** WHAT IS BEING ASKED **
From the listing below, copy only the lines from the line that contains "Huang Xiang, Rivolo" to the line that contains "Some selfie spot of Pasighat", counting those two lines as part of the copy.

================

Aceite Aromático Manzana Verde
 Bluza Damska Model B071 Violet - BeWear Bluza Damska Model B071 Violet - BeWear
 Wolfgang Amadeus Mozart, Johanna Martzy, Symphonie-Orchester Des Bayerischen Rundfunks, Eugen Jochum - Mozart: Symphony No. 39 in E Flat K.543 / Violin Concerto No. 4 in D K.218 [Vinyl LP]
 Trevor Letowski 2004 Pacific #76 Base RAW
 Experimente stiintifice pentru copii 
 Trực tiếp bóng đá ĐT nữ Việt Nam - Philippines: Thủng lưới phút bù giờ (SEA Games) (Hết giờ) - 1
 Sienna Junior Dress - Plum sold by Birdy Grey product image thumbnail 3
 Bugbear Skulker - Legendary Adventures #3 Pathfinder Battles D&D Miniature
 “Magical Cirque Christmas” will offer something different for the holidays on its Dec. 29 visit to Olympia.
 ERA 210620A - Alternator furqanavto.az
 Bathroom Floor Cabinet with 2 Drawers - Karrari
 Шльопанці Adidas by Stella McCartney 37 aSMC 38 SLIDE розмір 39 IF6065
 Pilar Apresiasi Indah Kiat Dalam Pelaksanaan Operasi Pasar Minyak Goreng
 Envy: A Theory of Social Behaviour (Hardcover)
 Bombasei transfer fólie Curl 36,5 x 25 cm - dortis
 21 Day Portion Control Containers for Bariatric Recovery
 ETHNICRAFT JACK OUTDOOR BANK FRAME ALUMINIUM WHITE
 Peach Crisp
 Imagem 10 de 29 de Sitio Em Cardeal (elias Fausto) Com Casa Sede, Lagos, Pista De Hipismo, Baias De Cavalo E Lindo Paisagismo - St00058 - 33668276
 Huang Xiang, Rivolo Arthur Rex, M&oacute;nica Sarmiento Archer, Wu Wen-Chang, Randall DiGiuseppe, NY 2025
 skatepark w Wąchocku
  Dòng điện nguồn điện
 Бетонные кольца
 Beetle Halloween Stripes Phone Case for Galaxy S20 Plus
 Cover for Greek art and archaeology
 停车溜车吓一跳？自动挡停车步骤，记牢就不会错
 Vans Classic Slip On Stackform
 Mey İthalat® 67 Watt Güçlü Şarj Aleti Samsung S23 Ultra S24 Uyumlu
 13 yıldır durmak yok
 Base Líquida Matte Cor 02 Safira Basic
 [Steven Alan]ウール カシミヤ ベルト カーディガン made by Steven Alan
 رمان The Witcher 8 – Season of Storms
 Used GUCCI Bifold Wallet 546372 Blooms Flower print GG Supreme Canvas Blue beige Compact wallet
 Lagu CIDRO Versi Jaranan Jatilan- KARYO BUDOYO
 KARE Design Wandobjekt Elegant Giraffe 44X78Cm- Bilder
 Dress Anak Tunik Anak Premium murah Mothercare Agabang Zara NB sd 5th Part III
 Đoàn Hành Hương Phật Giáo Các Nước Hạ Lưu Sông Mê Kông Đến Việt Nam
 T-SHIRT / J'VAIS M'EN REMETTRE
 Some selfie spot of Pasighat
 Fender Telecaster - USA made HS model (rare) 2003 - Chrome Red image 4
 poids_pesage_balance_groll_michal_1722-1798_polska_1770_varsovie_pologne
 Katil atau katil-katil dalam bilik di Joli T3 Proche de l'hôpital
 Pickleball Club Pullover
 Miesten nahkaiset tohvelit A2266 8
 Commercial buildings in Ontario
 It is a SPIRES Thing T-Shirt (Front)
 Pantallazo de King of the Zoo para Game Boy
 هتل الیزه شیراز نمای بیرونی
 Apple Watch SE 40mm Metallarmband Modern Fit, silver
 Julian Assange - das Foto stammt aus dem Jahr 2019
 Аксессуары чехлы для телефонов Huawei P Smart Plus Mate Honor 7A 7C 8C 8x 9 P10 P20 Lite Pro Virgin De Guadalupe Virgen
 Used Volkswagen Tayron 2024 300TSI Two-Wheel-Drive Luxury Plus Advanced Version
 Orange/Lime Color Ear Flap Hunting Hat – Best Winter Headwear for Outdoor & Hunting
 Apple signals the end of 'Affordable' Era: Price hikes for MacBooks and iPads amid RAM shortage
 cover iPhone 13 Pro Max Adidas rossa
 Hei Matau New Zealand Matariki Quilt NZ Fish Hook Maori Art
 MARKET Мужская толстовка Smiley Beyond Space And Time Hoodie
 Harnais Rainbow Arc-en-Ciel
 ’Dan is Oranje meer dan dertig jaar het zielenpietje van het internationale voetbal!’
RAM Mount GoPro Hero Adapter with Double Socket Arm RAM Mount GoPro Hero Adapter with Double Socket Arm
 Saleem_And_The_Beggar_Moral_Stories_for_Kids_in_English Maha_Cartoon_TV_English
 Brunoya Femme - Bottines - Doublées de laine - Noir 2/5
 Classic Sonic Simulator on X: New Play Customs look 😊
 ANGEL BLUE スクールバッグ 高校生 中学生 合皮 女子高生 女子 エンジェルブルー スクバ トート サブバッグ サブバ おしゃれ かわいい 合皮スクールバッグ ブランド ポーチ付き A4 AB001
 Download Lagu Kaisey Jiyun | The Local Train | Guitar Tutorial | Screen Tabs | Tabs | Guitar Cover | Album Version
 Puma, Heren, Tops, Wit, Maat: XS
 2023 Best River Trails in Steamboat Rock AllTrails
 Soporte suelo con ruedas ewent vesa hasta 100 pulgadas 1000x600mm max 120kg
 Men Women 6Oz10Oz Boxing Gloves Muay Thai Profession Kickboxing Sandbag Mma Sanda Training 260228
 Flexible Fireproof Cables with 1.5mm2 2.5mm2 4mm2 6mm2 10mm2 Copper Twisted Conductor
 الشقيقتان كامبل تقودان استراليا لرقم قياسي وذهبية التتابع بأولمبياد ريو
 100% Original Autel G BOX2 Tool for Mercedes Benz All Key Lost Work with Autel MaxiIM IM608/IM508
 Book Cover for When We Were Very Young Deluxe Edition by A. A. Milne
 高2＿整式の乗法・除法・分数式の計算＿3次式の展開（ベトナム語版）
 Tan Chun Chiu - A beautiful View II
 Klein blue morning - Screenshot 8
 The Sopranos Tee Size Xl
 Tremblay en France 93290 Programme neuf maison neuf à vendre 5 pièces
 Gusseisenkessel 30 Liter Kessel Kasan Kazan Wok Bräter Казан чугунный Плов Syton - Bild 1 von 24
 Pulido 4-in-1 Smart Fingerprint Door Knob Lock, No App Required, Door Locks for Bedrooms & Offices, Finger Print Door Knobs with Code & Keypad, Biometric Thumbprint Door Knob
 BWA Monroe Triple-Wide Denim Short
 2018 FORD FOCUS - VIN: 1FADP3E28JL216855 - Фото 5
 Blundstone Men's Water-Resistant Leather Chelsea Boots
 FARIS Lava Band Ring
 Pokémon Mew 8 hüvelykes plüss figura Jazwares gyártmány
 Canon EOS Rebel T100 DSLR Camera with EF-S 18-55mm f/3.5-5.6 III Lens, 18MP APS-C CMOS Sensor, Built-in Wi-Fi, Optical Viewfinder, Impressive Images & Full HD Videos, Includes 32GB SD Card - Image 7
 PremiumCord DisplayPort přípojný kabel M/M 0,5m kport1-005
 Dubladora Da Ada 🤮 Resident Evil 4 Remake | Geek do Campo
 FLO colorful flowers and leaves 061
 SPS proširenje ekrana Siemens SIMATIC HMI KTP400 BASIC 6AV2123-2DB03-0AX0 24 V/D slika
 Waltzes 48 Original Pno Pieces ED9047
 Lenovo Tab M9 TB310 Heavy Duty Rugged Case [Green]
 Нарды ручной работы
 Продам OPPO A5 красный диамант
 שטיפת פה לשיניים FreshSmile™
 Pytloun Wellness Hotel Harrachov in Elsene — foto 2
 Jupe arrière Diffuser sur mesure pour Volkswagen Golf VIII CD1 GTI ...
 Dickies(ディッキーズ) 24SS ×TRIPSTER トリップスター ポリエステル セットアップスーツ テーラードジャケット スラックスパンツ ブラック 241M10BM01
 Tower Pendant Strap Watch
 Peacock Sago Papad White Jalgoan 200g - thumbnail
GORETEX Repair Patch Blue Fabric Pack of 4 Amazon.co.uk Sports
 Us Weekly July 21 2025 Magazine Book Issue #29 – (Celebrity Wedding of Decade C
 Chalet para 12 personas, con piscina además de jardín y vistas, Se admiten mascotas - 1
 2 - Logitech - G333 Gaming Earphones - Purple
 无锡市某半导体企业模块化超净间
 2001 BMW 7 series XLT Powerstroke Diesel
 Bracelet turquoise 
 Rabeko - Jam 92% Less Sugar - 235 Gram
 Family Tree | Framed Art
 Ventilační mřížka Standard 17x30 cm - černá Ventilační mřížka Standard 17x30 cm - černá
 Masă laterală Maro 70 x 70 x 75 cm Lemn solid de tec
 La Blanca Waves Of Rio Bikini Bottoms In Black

================

** COMPLETED TASK **
 Huang Xiang, Rivolo Arthur Rex, M&oacute;nica Sarmiento Archer, Wu Wen-Chang, Randall DiGiuseppe, NY 2025
 skatepark w Wąchocku
  Dòng điện nguồn điện
 Бетонные кольца
 Beetle Halloween Stripes Phone Case for Galaxy S20 Plus
 Cover for Greek art and archaeology
 停车溜车吓一跳？自动挡停车步骤，记牢就不会错
 Vans Classic Slip On Stackform
 Mey İthalat® 67 Watt Güçlü Şarj Aleti Samsung S23 Ultra S24 Uyumlu
 13 yıldır durmak yok
 Base Líquida Matte Cor 02 Safira Basic
 [Steven Alan]ウール カシミヤ ベルト カーディガン made by Steven Alan
 رمان The Witcher 8 – Season of Storms
 Used GUCCI Bifold Wallet 546372 Blooms Flower print GG Supreme Canvas Blue beige Compact wallet
 Lagu CIDRO Versi Jaranan Jatilan- KARYO BUDOYO
 KARE Design Wandobjekt Elegant Giraffe 44X78Cm- Bilder
 Dress Anak Tunik Anak Premium murah Mothercare Agabang Zara NB sd 5th Part III
 Đoàn Hành Hương Phật Giáo Các Nước Hạ Lưu Sông Mê Kông Đến Việt Nam
 T-SHIRT / J'VAIS M'EN REMETTRE
 Some selfie spot of Pasighat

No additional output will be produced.